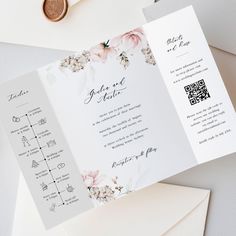 an open wedding card with flowers on it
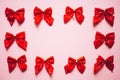 Christmas red satin bows frame, set of ribbons on pink background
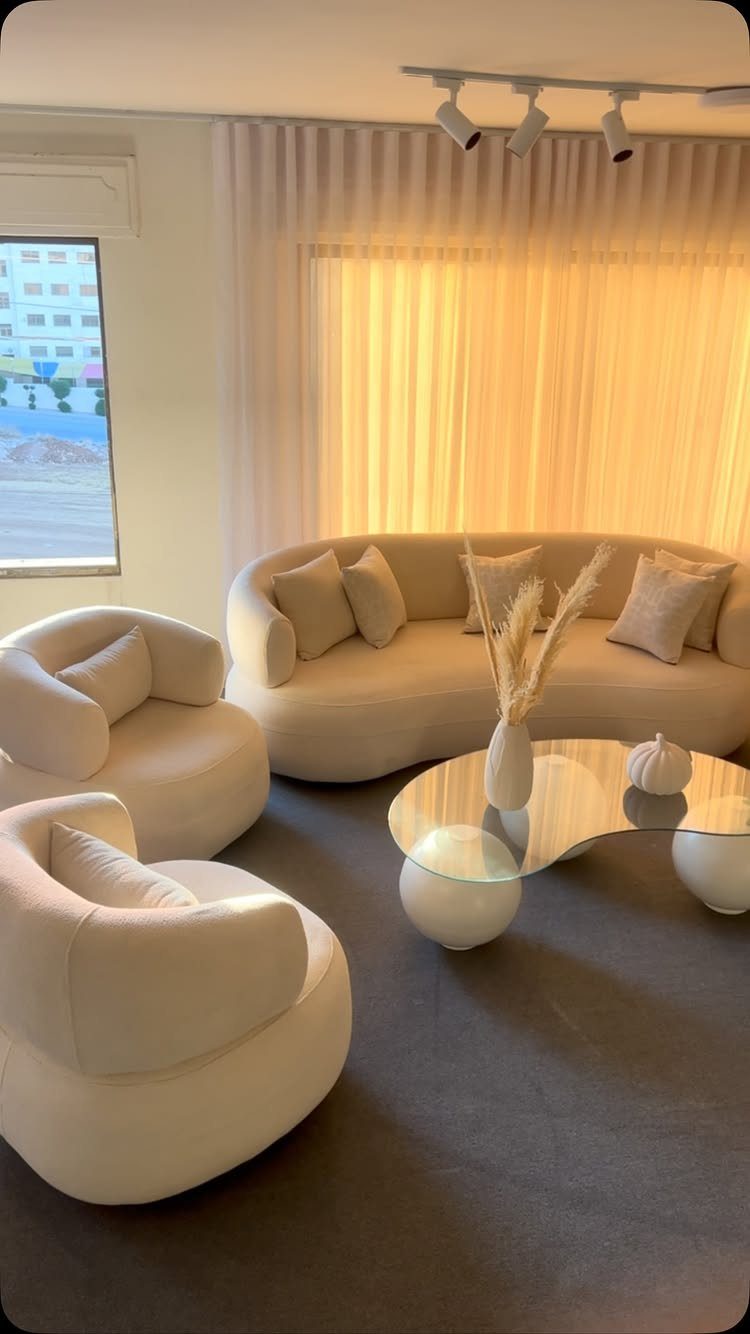 Curved cream sofa and rounded armchairs in a modern living room with glass table.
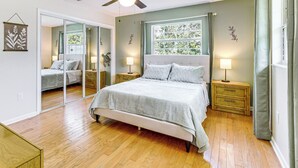 A bedroom with a bed, bedside tables, a ceiling fan, a window with curtains, and a mirror. - 5 Mi to Silver Springs State Pk: Gem w/ Game Room! (Ocala)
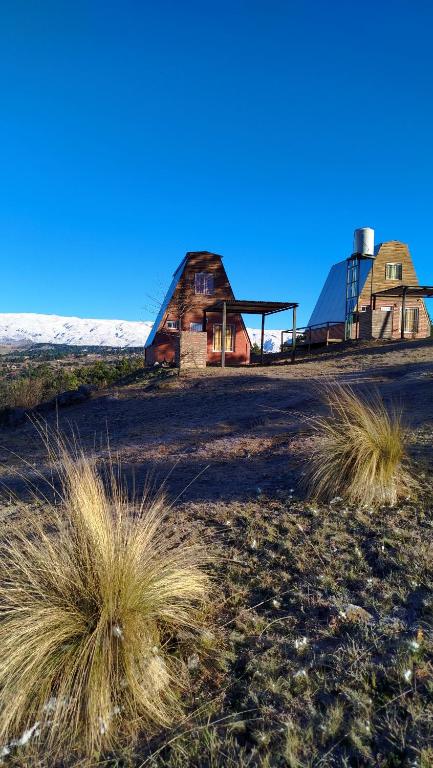 an old barn in the middle of a field at Ventana al Champaqui in Yacanto
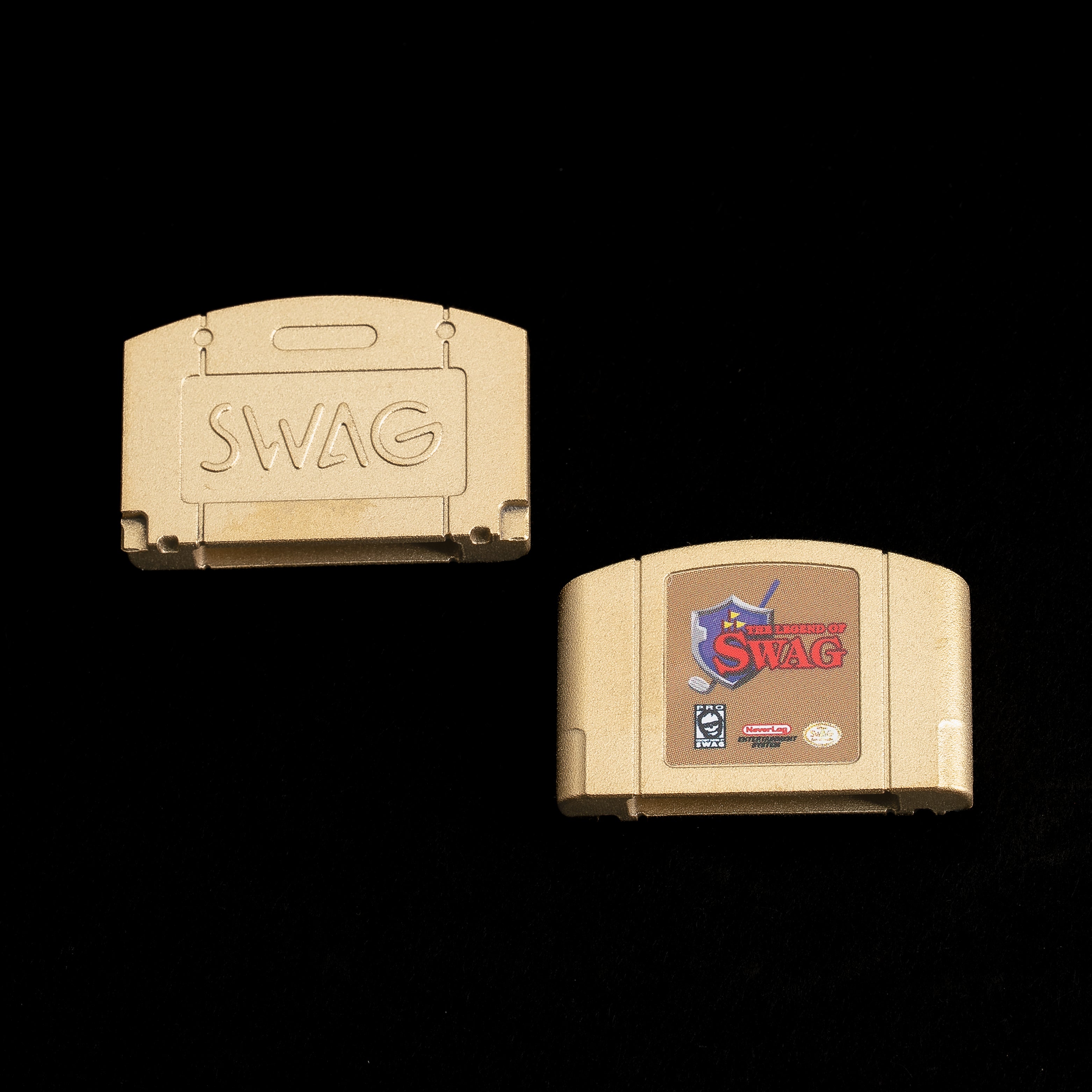 Brass ball marker shaped like a retro game cartridge with Ocarina of Swag fantasy artwork and SWAG logo.
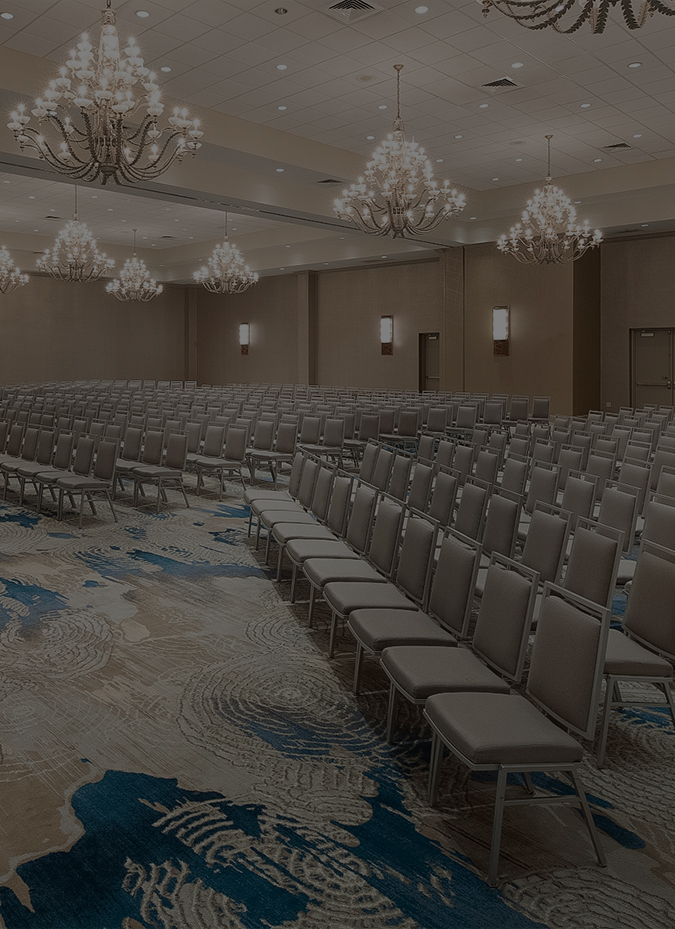 a large room with chairs and chandeliers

■ WHAT IS REQUIRED ■
Please return only the lines from the top of the data through the line with "an old barn", exactly as written, and drop every picture.

■ SOLUTION ■
 an open wedding card with flowers on it
 Christmas red satin bows frame, set of ribbons on pink background
 Curved cream sofa and rounded armchairs in a modern living room with glass table.
 A bedroom with a bed, bedside tables, a ceiling fan, a window with curtains, and a mirror. - 5 Mi to Silver Springs State Pk: Gem w/ Game Room! (Ocala)
 an old barn in the middle of a field at Ventana al Champaqui in Yacanto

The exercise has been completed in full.